The so-called “Crowd Farm,” as envisioned by James Graham and Thaddeus Jusczyk, both M.Arch candidates, would turn the mechanical energy of people walking or jumping into a source of electricity. Their proposal took first place in the Japan-based Holcim Foundation’s Sustainable Construction competition this year.

A Crowd Farm in Boston’s South Station railway terminal would work like this: A responsive sub-flooring system made up of blocks that depress slightly under the force of human steps would be installed beneath the station’s main lobby. The slippage of the blocks against one another as people walked would generate power through the principle of the dynamo, a device that converts the energy of motion into that of an electric current.
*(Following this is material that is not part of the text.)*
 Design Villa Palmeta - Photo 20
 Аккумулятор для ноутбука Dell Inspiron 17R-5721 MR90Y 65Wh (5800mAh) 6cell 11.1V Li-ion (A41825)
The electric current generated by the Crowd Farm could then be used for educational purposes, such as lighting up a sign about energy. “We want people to understand the direct relationship between their movement and the energy produced,” says Jusczyk.

The Crowd Farm is not intended for home use. According to Graham and Jusczyk, a single human step can only power two 60W light bulbs for one flickering second. But get a crowd in motion, multiply that single step by 28,527 steps, for example, and the result is enough energy to power a moving train for one second.

And while the farm is an urban vision, the dynamo-floor principle can also be applied to capturing energy at places like rock concerts, too. “Greater movement of people could make the music louder,” suggests Jusczyk.